In an effort to crack down on China's ban on pornography, a device that can detect when the wearer is watching porn by monitoring neural spikes has been developed in China, allowing for the device to effectively read the wearer's mind, according to the research team in Beijing behind the project.
The tough job of "porn spotters"
The device isn't intended to be used by your average citizen, however, but by China's "Jian huang shi," or "porn appraisers" who monitor videos and photos posted on the internet or social media platforms to spot explicit content.
Each time an indecent photo appeared, an alarm went off, signaling the neural spike in the wearer.
Worn on the head by the subject, the device can pick up a spike in brainwaves triggered by explicit content, according to the researchers.
The main issue with porn spotters, whose job it is to search the internet for illegal explicit content, is human fatigue.
Sitting in front of a screen and flipping through images all day can dull the mind, making the spotters miss some of the targeted content they are required to remove. Additionally, fatigue can also affect the amount of content they could manage consecutively over time.
A myriad of ethical problems
Using the helmet, a Jian huang shi only needs to sit in front of a screen passively, and the device would work independently to cover a large amount of rapidly changing content until the censor device blinked.
A researcher studying brain-machine interface at the University of Science and Technology of China in Hefei, Anhui, said the technology could cause ethical problems, such as privacy infringement.
“There is no law to regulate the use of such devices or protect the data they collected,” the researcher, who asked not to be named, told the South China Morning Post.
“There is no law to regulate the use of such devices or protect the data they collected.brain-machine interface researcher
In some countries, including China, watching porn is a crime. Chinese authorities and companies have been using artificial intelligence, among other methods, to flag said content.
Any kind of sexually graphic content has long been illegal in China, whether it’s visual or literary. In 2018, a writer under the pseudonym Tianyi was sentenced to 10 years in prison for selling 7,000 copies of an erotic novel that contained “graphic depictions of male homosexual sex scenes,” according to the South China Morning Post.
The most intense censorship campaign, called “sweep porn and attack rumors,” came under President Xi Jinping’s government in 2014.

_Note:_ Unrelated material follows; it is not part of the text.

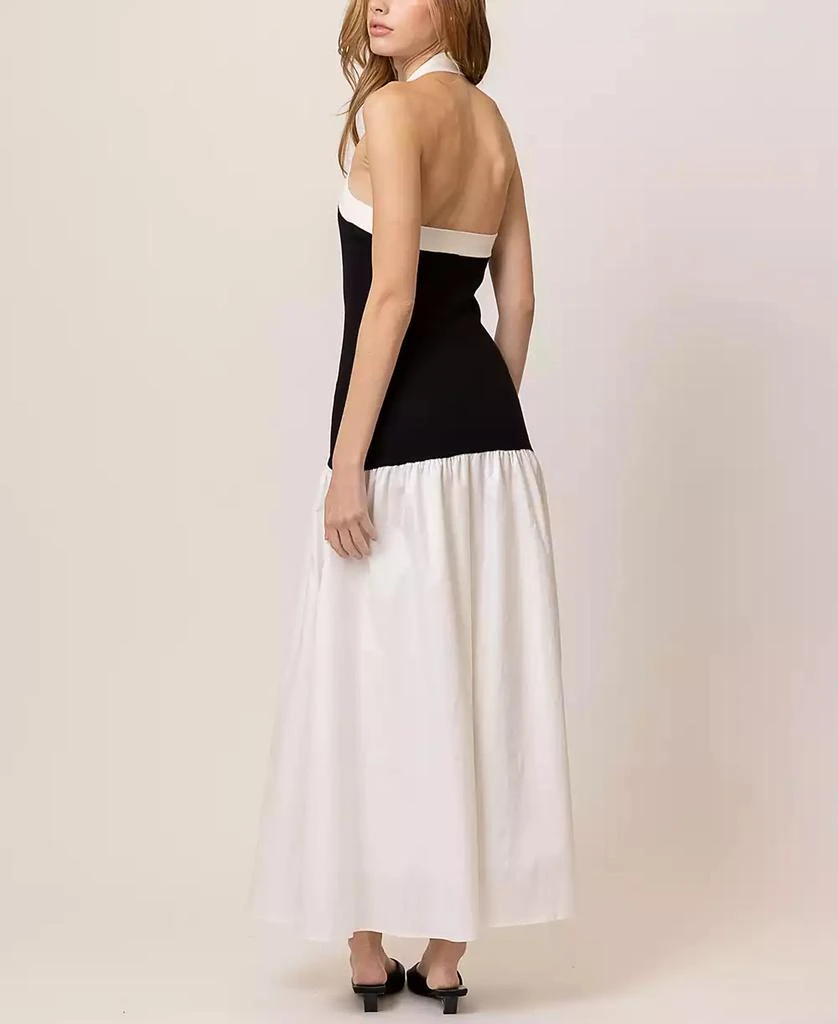 Line & Dot Women's Kohl Mixed-Media Halter-Neck Dress 5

The then-new campaign not only promised to arrest website operators, but also banned the use of television satellite equipment that allowed access to foreign broadcasts, confiscated hundreds of thousands of illegal publications in print, and prosecuted what officials called “fake journalists” along the way.
China's stances on sex
The Chinese government has long expressed its politics through public stances on sex, the Cultural Revolution of the 1960s and 70s dubbed sex as "distracting the proletariat" from the Marxist cause.
The state urged contraception and even the sale of sex toys while implementing the one-child policy in the 80s.
Similarly, its campaigns against pornography have more in mind than just concern over young men's health and people's sexual life.
Yet today, the Chinese government, armed with cutting-edge technologies, has the power to monitor and intrude on people’s private affairs in ways that the Communist party never could, and it has shown no hesitation in doing so.